In the autumn of 1981, on the cover of issue 65 of Citroën’s house organ of the time, there appeared an unprecedented silhouette, neither saloon nor station wagon, extremely aerodynamic, with a glass surface preponderant over the bodywork sheet. This was the latest creation from the Citroën Style Centre which, only the previous year, had produced the car with the original Karin ‘pyramid’ shape and which now, with this new concept, called Xenia, was projecting itself into the future with an innovative line that was ahead of its time and would not have looked out of place at a 2000s motor show. The mechanical basis heralded that of the Citroën BX, which would go into production in 1982. The overall length was 420 cm, the width was 175 cm and access to the passenger compartment was through two large gull-wing doors with four comfortable seats.

Another feature of the Xenia was its advanced exploration of the possibilities offered by on-board electronics, research that would astonish visitors to a car show with details that would become indispensable on any modern car, such as the sun sensor that regulates the on-board air conditioning.

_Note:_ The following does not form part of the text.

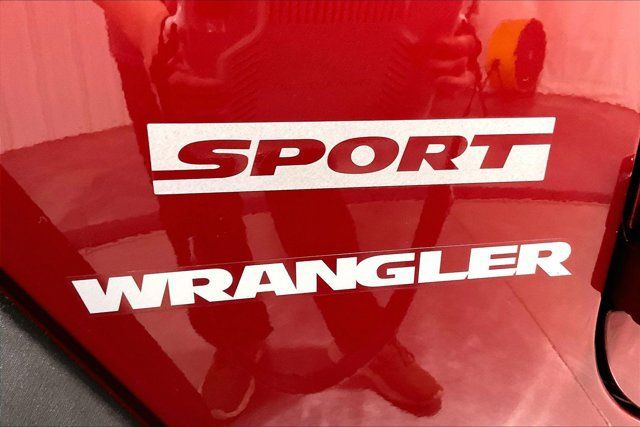 Used 2012 Jeep Wrangler Sport AWD/4WD image 8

Anticipating what would be available a few years later on CX and BX, an on-board computer calculated fuel consumption, remaining range, average speed and helped the driver with mapping, at a time when GPS satellites (the launched ones) were reserved for military use.

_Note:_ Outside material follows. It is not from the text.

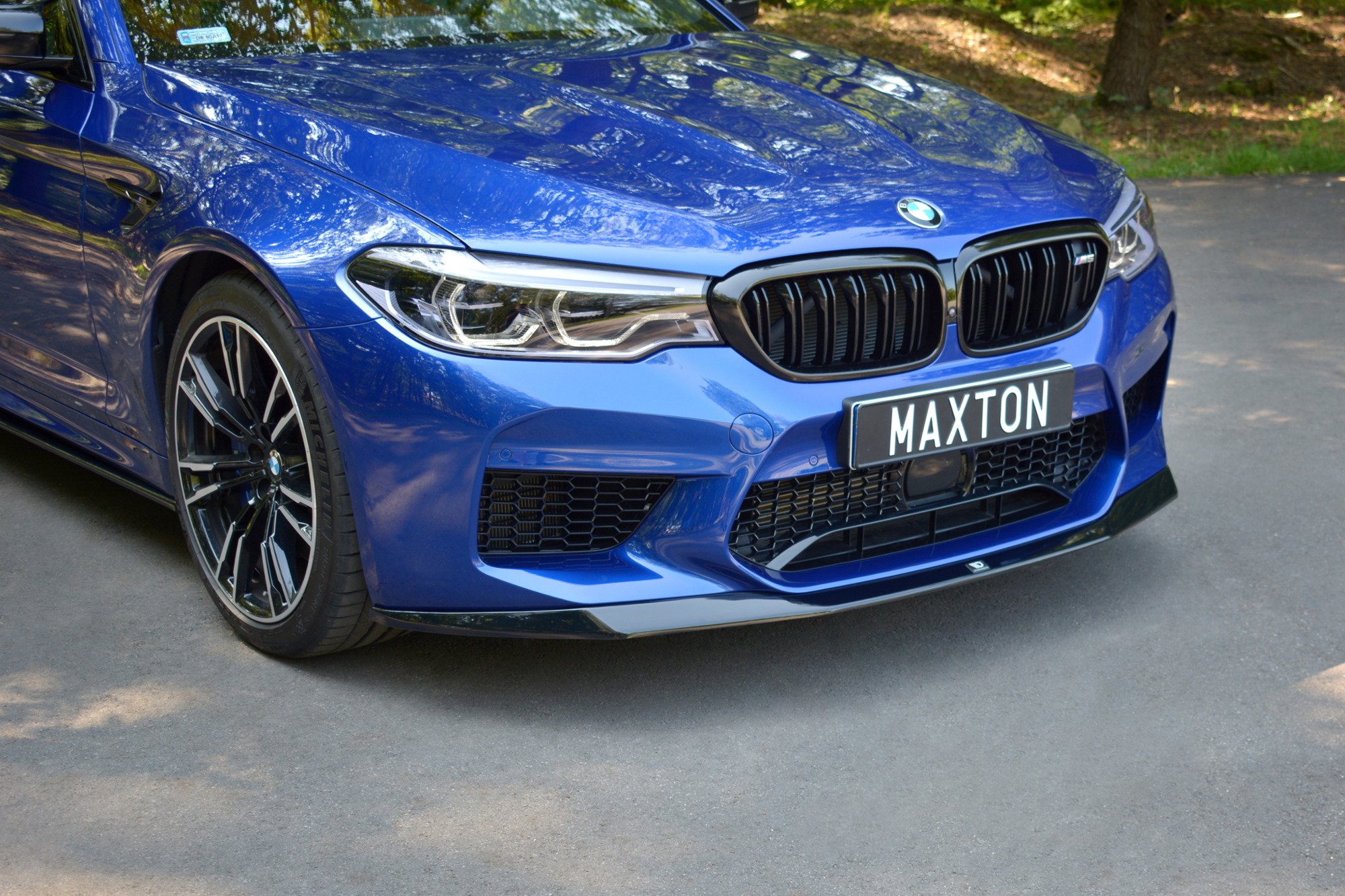 Front Ansatz V.1 für BMW M5 F90 schwarz Hochglanz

Speaking of “satellites”, the Xenia’s dashboard, designed by Michel Harmand, was as high-tech as 1980s research could offer: all functions could be controlled without taking the hands off the steering wheel, the ZF automatic gearbox (which would be adopted from that year on the CX and later on the BX), incredibly smooth in its operation, allowed the driver to use the lever only when starting, manoeuvring and arriving. Forty years ago, Xenia showed the world the great capacity for innovation of the Citroën Style Centre, what it is possible to do with technology and without limits to creativity, reinventing the car each time.